EXPOSITION
- Le livre à l’honneur au musée Sursock
Peindre c’est aussi écrire…
18 Février 2006
Edgar DAVIDIAN
Jusqu’au
31 mars, le musée Sursock, fidèle à ses manifestations
culturelles de qualité, est le cadre princier d’un vibrant hommage
au livre, à la culture, au savoir, à la connaissance, à
l’art, au dialogue. Indéfectible compagnon, docile, silencieux
et volubile ami des hommes, le livre est à l’honneur. Sous des
formes, des formulations, des associations et des expressions parfois même
insoupçonnées, sans jamais friser le gratuitement insolite ou
la provocation inutile. Bien sûr, toutes les plumes n’ont pas
le même talent ou la même virulence, pas plus que tous les pinceaux
le même panache ou brio.

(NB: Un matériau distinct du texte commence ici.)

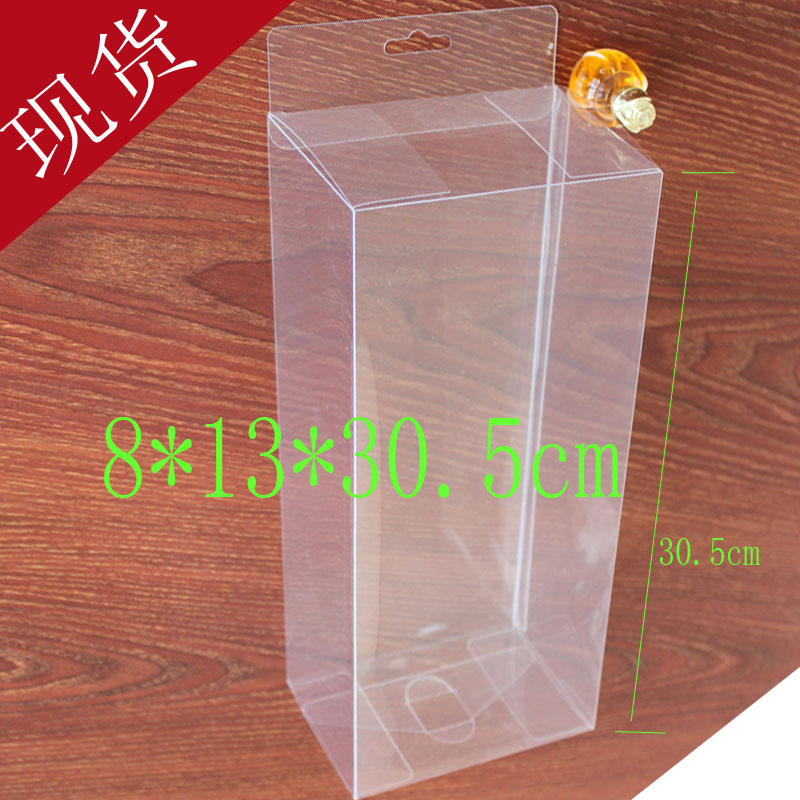 现货塑料透明盒子巧克力包装盒喜糖盒化妆品挂钩盒8*13*30.5cm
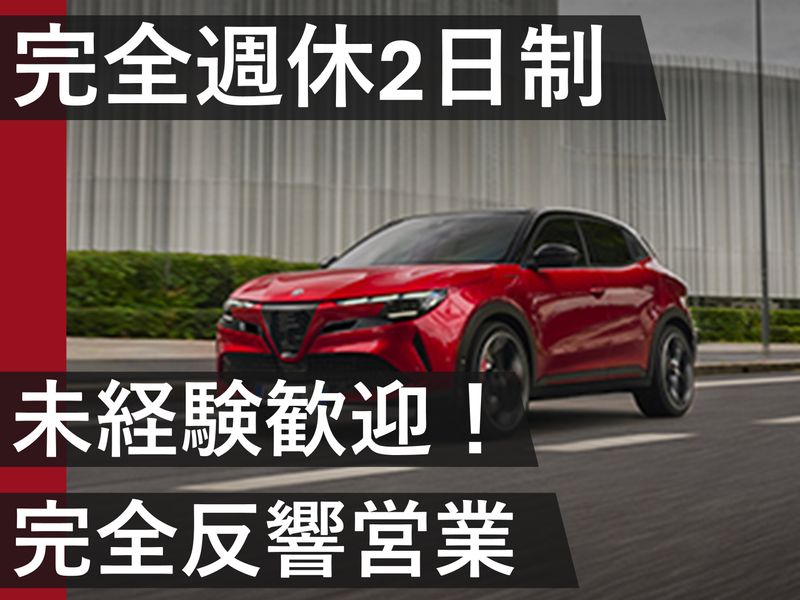 株式会社大黒商会の求人・転職情報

Il est évident que l’art a des
chemins secrets et impénétrables, parfois même difficilement
explicables.
Et qui dit livre, dit feu Rafic Hariri, qui avait à cœur non seulement
l’âpre volonté de construire, de bâtir, mais surtout
qui s’était profondément investi dans la mission d’instruire
les générations montantes. C’est en hommage donc au Premier
ministre disparu et dans cet esprit «bâtisseur» que se déroule
l’exposition «Pinceaux pour plumes» au palais Sursock, alliant
en toute subtilité franchise et ferveur, art plastique et art d’écrire.
Sans pour autant céder la plume au pinceau, car ici peindre c’est
aussi écrire… Et puis, de toute façon, qu’importe
puisque les pages d’un livre ou l’espace d’une toile ont
pour source commune sensibilité, imagination, rêve, témoignage,
fantasme, révélation, confession et construction de l’esprit…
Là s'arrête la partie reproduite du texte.